Founding unique businesses for over a decade.
Big dreams require teamwork and dedication to bring them to life, and I’ve been bringing groups of people together to make big dreams a reality for over a decade. From helping coordinate tens of thousands of volunteers around the globe making medical supplies during a pandemic, to pushing the state of the art of robotics research, to creating viral entertainment sensations, to providing public access to professional manufacturing equipment, I’ve brought groups of like-minded people together to build novel, long-lasting businesses and communities time and again.
Open Source Medical Supplies
When China quarantined 780 million people to prevent the spread of COVID-19 in February of 2020, the global medical supply chain briefly collapsed. As COVID-19 spread, every country on earth demanded the same medical supplies and personal protective equipment (PPE) for healthcare workers and essential workers, while the world’s primary supplier shut down; this led to widespread shortages of critical supplies as the pandemic was accelerating.
I founded Open Source Medical Supplies (OSMS) in March of 2020 in order to empower makers and manufacturers across the world to make safe medical supplies from known-good, open source plans to help their local communities fight the pandemic. Over 70,000 volunteers joined its discussion forum, and the network jointly produced over 48 million units of medical supplies in 83 countries around the world, representing a total market value of over $268M.

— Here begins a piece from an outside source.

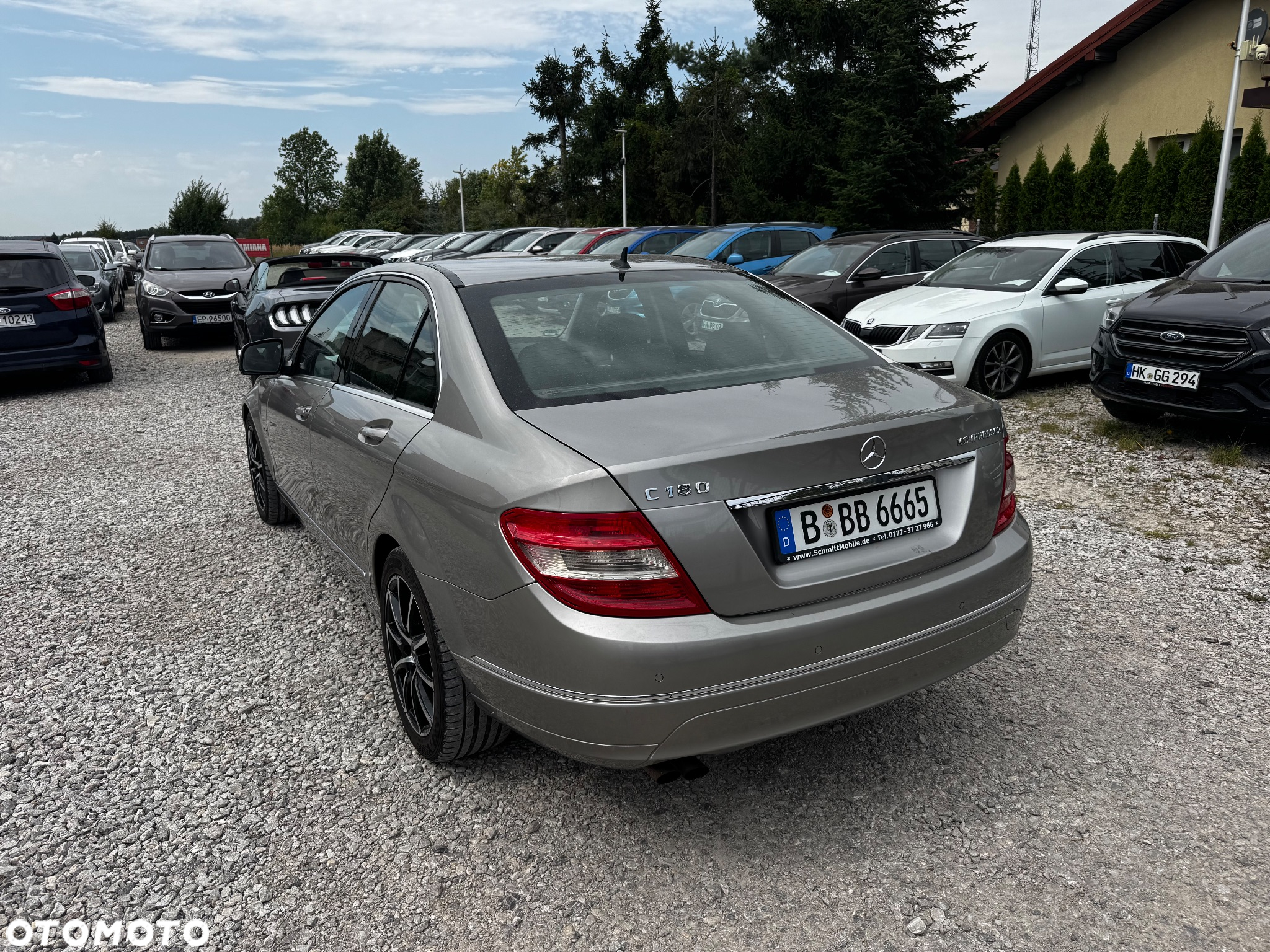 Mercedes-Benz Klasa C 180 Kompressor Elegance - 4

OSMS was able to stand up a staff of 20 after raising over $950,000 in nonprofit funding from Schmidt Futures, the Patrick J. McGovern Foundation, Toyota Research Institute, and private donors, and acquiring fiscal sponsorship from RESOLVE. I serve as Co-Executive Director.
Known-good plans
OSMS curated over 200 open source designs across 35 medical supply categories from across the globe. These plans could be made via a variety of processes, and ranged from crisis grade to authorized under the FDA’s EUA program.
Responding locally, globally
Makerspaces, manufacturers, and individuals across the globe stepped up to take those plans, create improvised assembly lines mid-pandemic, and produce DIY medical supplies and PPE for their local communities using they tools they had.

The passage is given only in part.